The monopoly of the public airwaves by the right wing is not the result of more demand in the marketplace. It is because all of the broadcast media that we receive is filtered through corporate ownership. The sole exception to this - PBS - is now being taken over by Republican apparatchiks.
The dominant mainstream media...is driven by the corporate bottom line and filled primarily with fluff, sensationalism, right wing politics, PR posing as news, and a commitment to serve corporate advertisers.
Source: John Stauber from an interview with Bill Berkowitz - WorkingForChange - 03.09.05



BuzzFlash: We interviewed Bonnie Anderson recently, who was a producer at CNN for many years.
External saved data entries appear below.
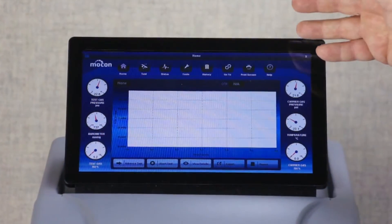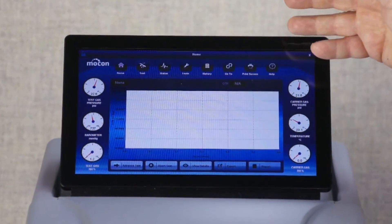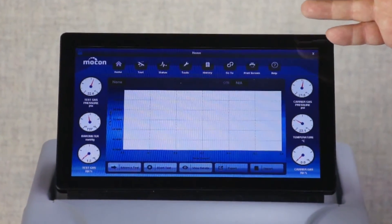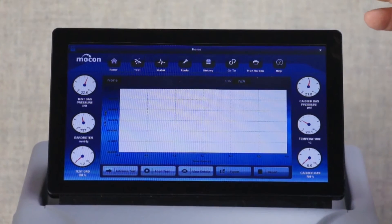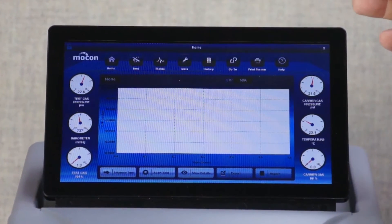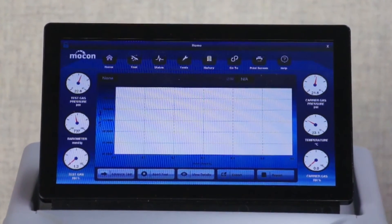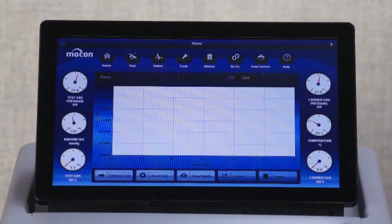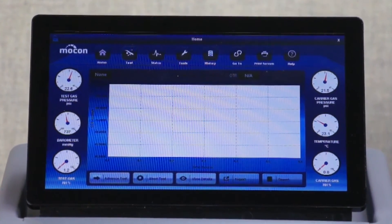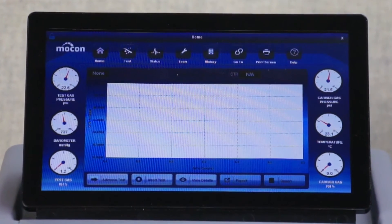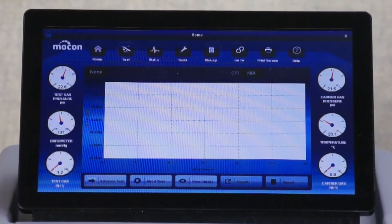In addition to the touchscreen, the optional PermNet Lite software allows an operator to view and operate the instrument on their own computer as if they were standing at the instrument.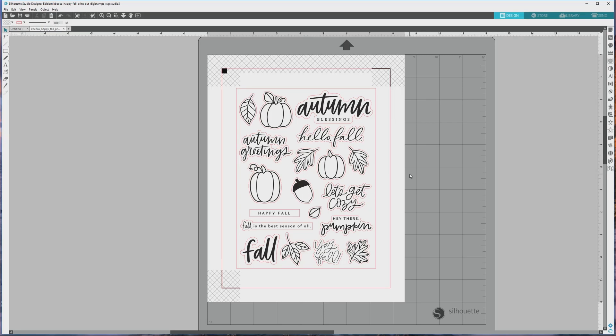Hey everyone, it's Kristin from Capeka and in this Silhouette Print and Cut tutorial, I'll show you how to color digital stamps right in Silhouette Studio.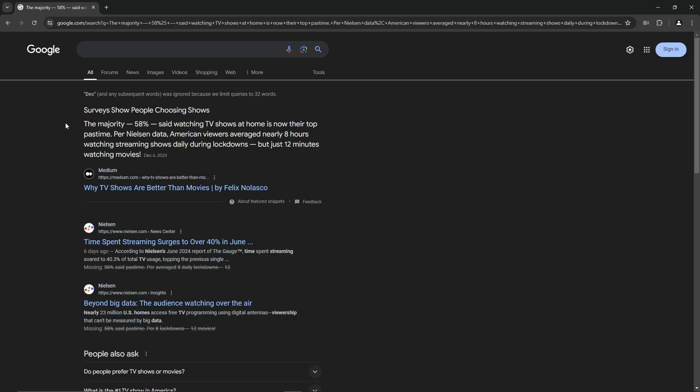According to a recent survey, the majority, 58%, said watching TV shows at home is now their top pastime. Per Nielsen data, American viewers averaged nearly 8 hours watching streaming shows during the lockdowns, but just 12 minutes watching movies. Note, that figure is down to 3 hours a day, but it demonstrates that TV show viewing far surpasses movies. Do you disagree? Let me know in the comments.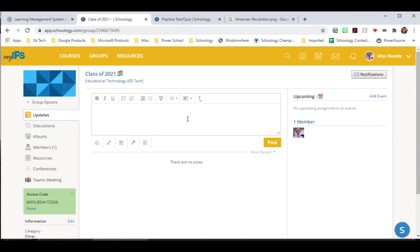And now we can post updates to our group. We can hold discussions. We can upload information into albums. And we can post information into resources.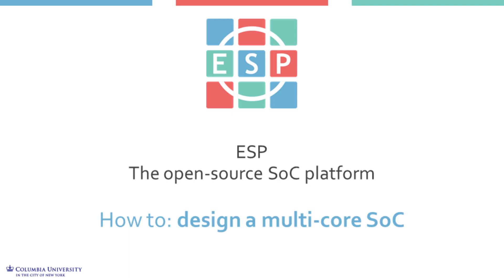Welcome to the ESP tutorial on how to design a multi-core SoC. We will show how to generate and test on FPGA a multi-core instance of ESP with four LEON3 processor cores.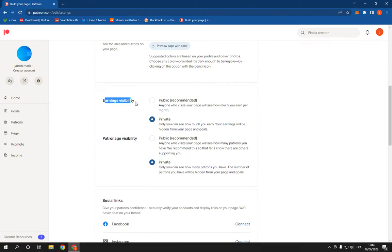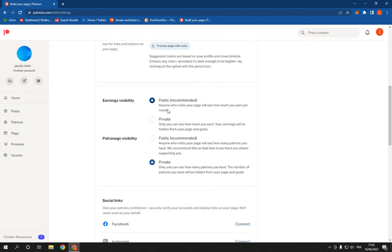you will find earnings visibility and you can choose public or private as you want, easily and fast.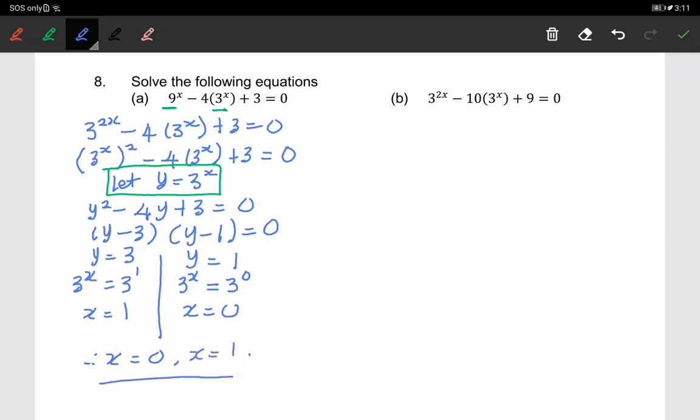That's all for 3-term index equations. You can try part b using the same method. Thank you.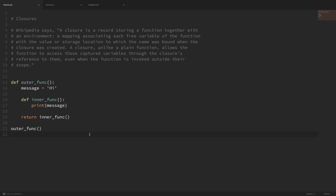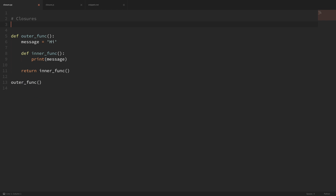So what exactly is a closure? If we look at the Wikipedia definition, a closure is a record storing a function together with an environment — a mapping associating each free variable of the function with the value or storage location to which the name was bound when the closure was created. A closure, unlike plain functions, allows the function to access those captured variables through the closure's reference to them, even when the function is invoked outside their scope. Let's take a look at a few code examples to really understand this.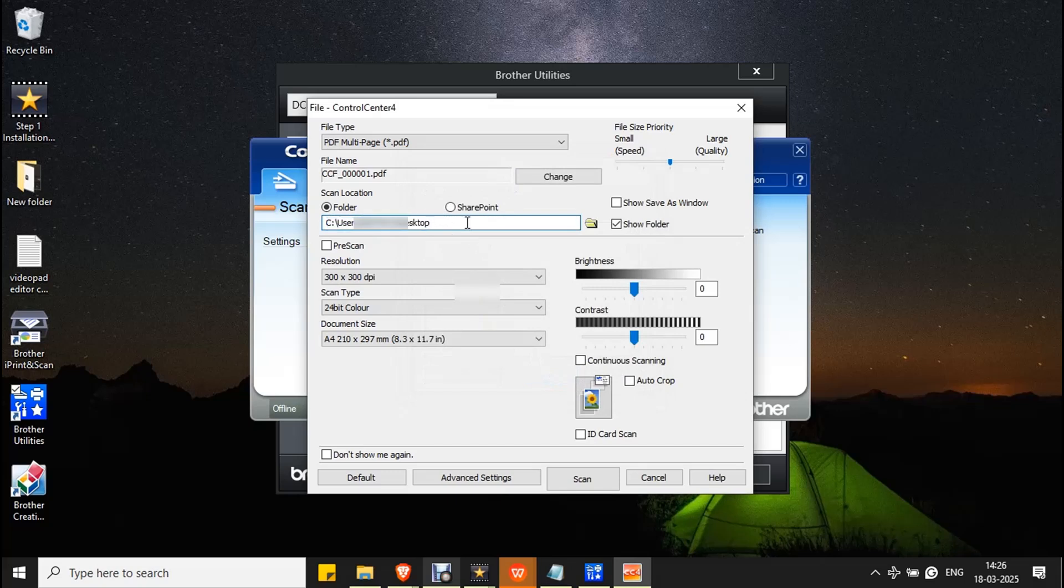If you scan a document, it will be saved to the desktop.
In her book, News Flash: Journalism, Infotainment, and the Bottom-Line Business of Broadcast News, basically she says there is first an accountability to the shareholders, then an accountability to the political officials because they can get deregulation passed or tax laws that will benefit the parent corporation. A distant third is a network's responsibility to the actual citizens of America or Canada.
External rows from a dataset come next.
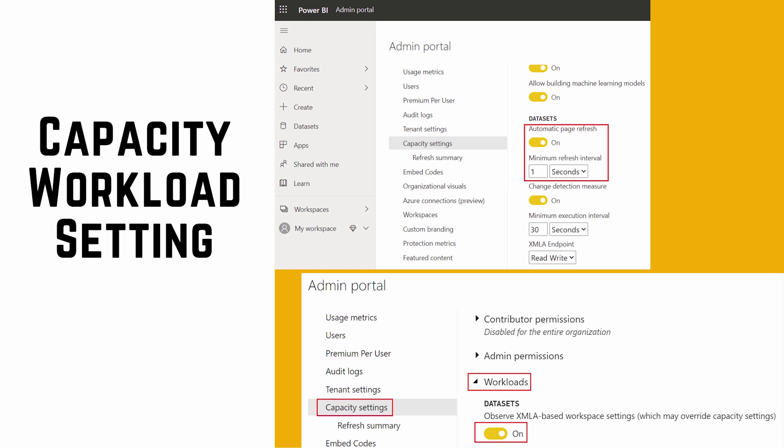Capacity workload settings are also very important when working with premium capacities. With these settings you can distribute content, assign contributor and admin permissions, and configure how things work for semantic models, reports, paginated reports, and dataflows. You can also distribute capacity between back-end and front-end and allocate V-cores accordingly. Note that these workload settings are available for premium capacities but not fully for PPU — certain controls differ between the two.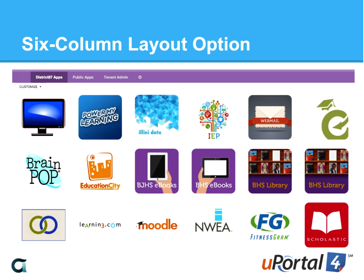We added a six-column layout option. Previously the greatest number of columns available on a tab was four. Especially in conjunction with the app launcher style portlet and the work going on with our Illini Cloud portlet partners, it became clear we could really use a tab layout with more columns. So we introduced a six-column layout. If you're interested in putting tabs into your portal that give you a mobile dashboard look and feel, app launcher plus six-column layout can really do it for you.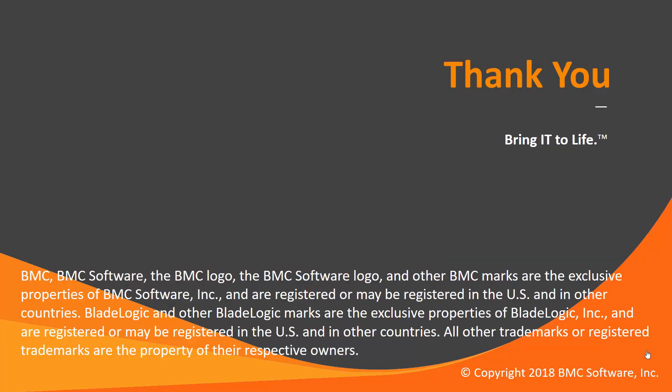That concludes this Control-M solution video. Please see our knowledge base and YouTube channel for more videos like this.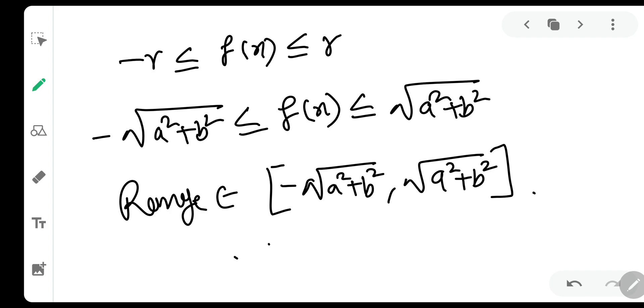So we have understood the range of a·sin(θ) + b·cos(θ), which is [-√(a²+b²), √(a²+b²)]. Thank you for watching the video, and do not forget to like, comment, and share this video and also subscribe to our channel.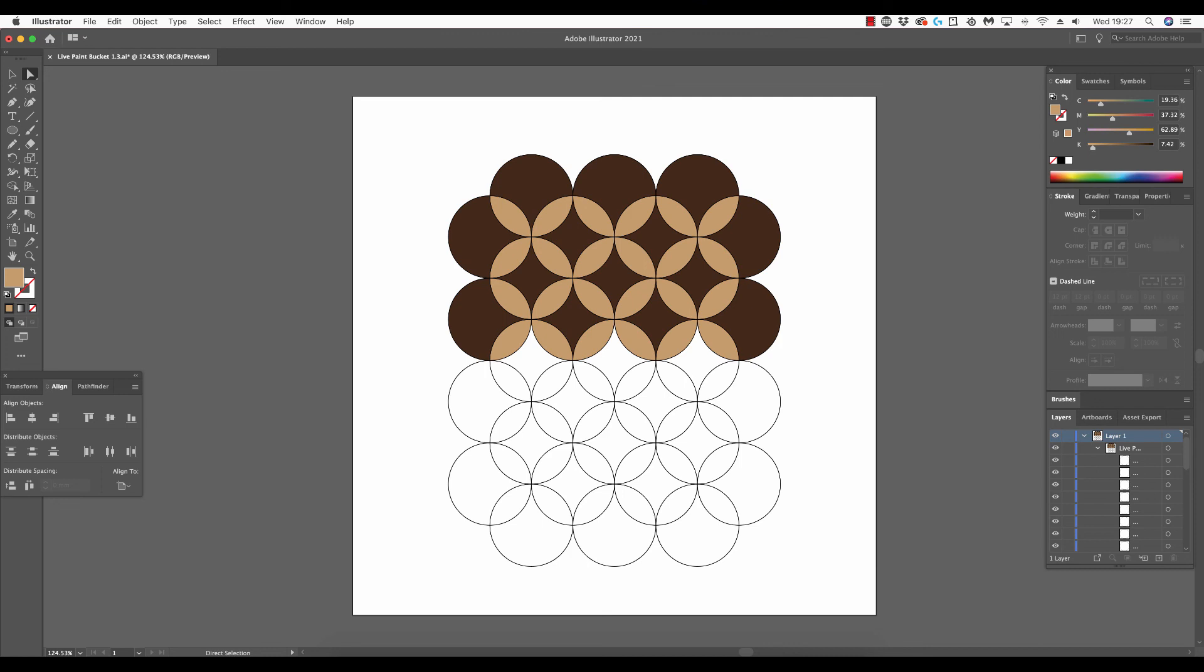So that wraps up the live paint bucket tool. Of course, we aren't limited to patterns of circles or any other patterns for that matter. Anytime you find yourself in need of filling areas which are formed by overlapping shapes, the live paint bucket tool is likely to be your solution.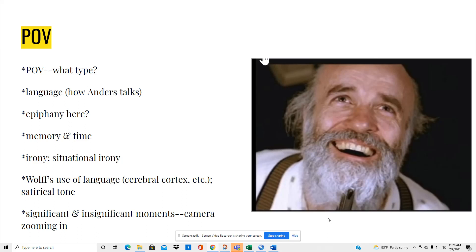The point of view in this story is interesting, so as you read it, I want you to consider, or after you've read it, what type of point of view you're looking at. Pay attention to the language, how Anders talks.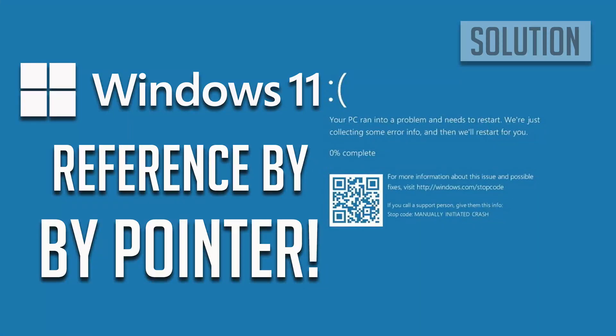If your computer constantly crashes and you get blue screens with the error 'reference by pointer,' this could be happening because some of your system files are damaged, fast startup is causing issues, or because your PC has unsigned drivers. Follow the steps of this video to learn how to fix reference by pointer error in a quick and easy way.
Paul Jay: The current economics of television journalism does two or three things. Number one, the bottom line pressures in the newsrooms mean fewer journalists, less time for investigative reporting, fewer foreign bureaus, and more pressure for sensational items that will give a quick spike to the ratings that are so commercial. And the fact is that television news is, by and large, actually just one small piece of a very big corporate conglomerate. GE makes light bulbs, weapons, nuclear power plants -- and owns NBC. So the conglomerates want their television operations to make money.

Number two, they don't want the television operation to compromise other interests of the corporation. I don't think it's as clear as some internal censor vetting committee, looking at each item to make sure it serves the corporate agenda. But, someone has to decide -- we're hiring this person and not that person, for example. People get to know the corporate culture, and they know how to hire within the limits of the corporate culture. People know that if reporting crosses a certain line, it is not considered acceptable journalism. Something that's happened recently, in both print and television newsrooms, is that the limits within which a story can be investigated or reported depends on how the two political parties are defining the issues. Also, to some extent, when a major newspaper like The New York Times breaks a story, it becomes discussable. But even then, most television news won't pick up on it.
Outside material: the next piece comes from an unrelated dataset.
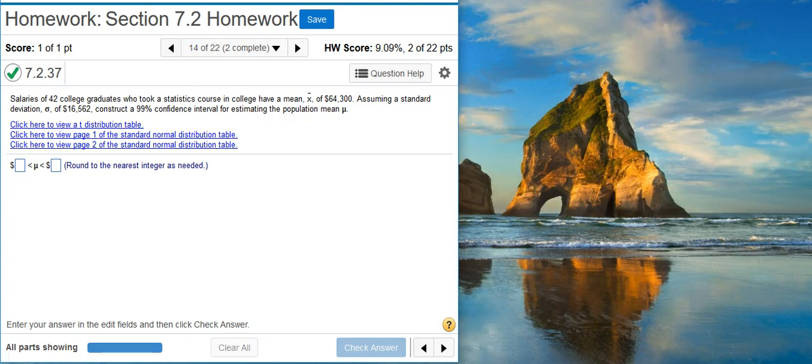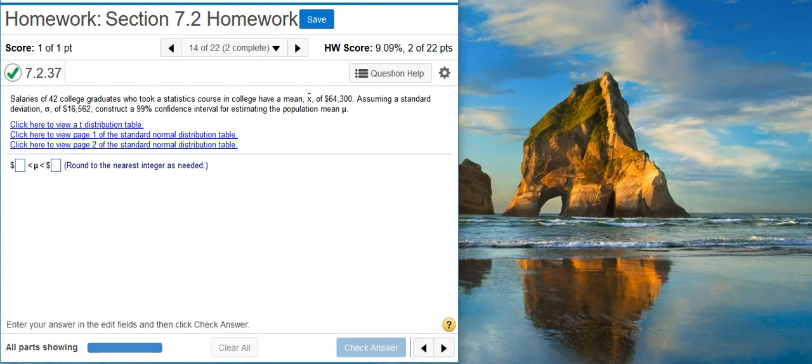Here's our problem statement. Salaries of 42 college graduates who took a statistics course in college have a mean value of $64,300. Assuming a standard deviation of $16,562, construct a 99% confidence interval for estimating the population mean mu.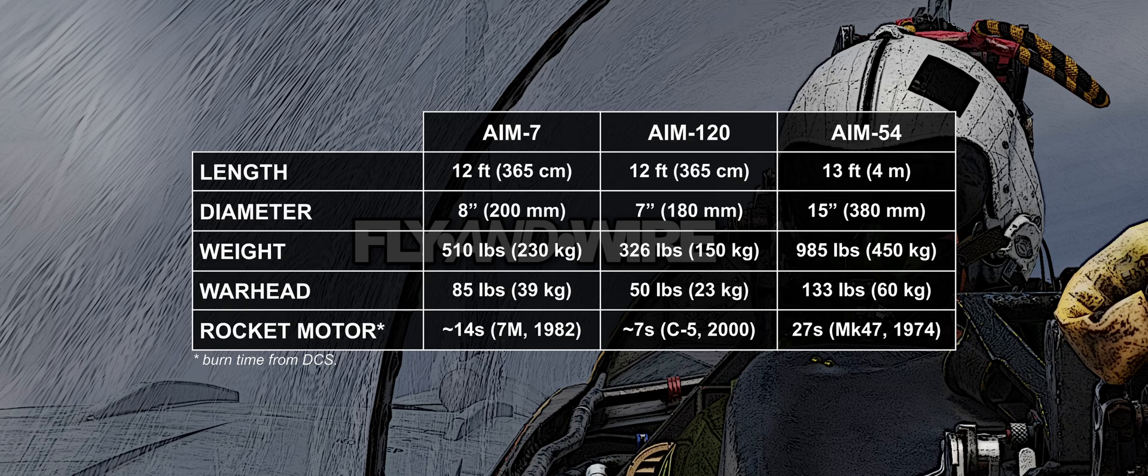There is really not much to say, the numbers speak for themselves. The AIM-54 Phoenix is absolutely huge. You can almost fit two AIM-7 Sparrows in a Phoenix. So, what is a good place to have this missile fly whilst it chases its target?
Source: "BuzzFlash interview: Paul Jay" - BuzzFlash.com - 07.06.05



The CPB Chairman, Kenneth Tomlinson, turned the administration’s discomfort at embarrassing disclosures [on NOW with Bill Moyers and other PBS programs] into a crusade to discredit our journalism. Tomlinson left the chairmanship this week, but the right-wing coup at public broadcasting is complete. He remains on the board under a new chair who is a former real estate director and Republican fundraiser. She recently told a Senate hearing that the CPB should have the authority to penalize public broadcasting journalists if they step out of line. Sitting beside her and Tomlinson on the board is another Bush appointee—also a partisan Republican activist— who was a charter member and chair of Newt Gingrich’s notorious political action committee, GOPAC. Reporting to them is the White House’s handpicked candidate to be president and chief executive officer of the CPB—a former co-chair of the Republican National Committee whose husband became PR director of the Chemical Manufacturers Association after he had helped the pesticide industry smear Rachel Carson for her classic work on the environment, Silent Spring. Mark my words: If this gang has anything to say about it, there will be no challenging journalism to come from public television while they are around; no investigative reporting on the environment; no reporting at all on conflicts of interest between government and big business; no naming of names.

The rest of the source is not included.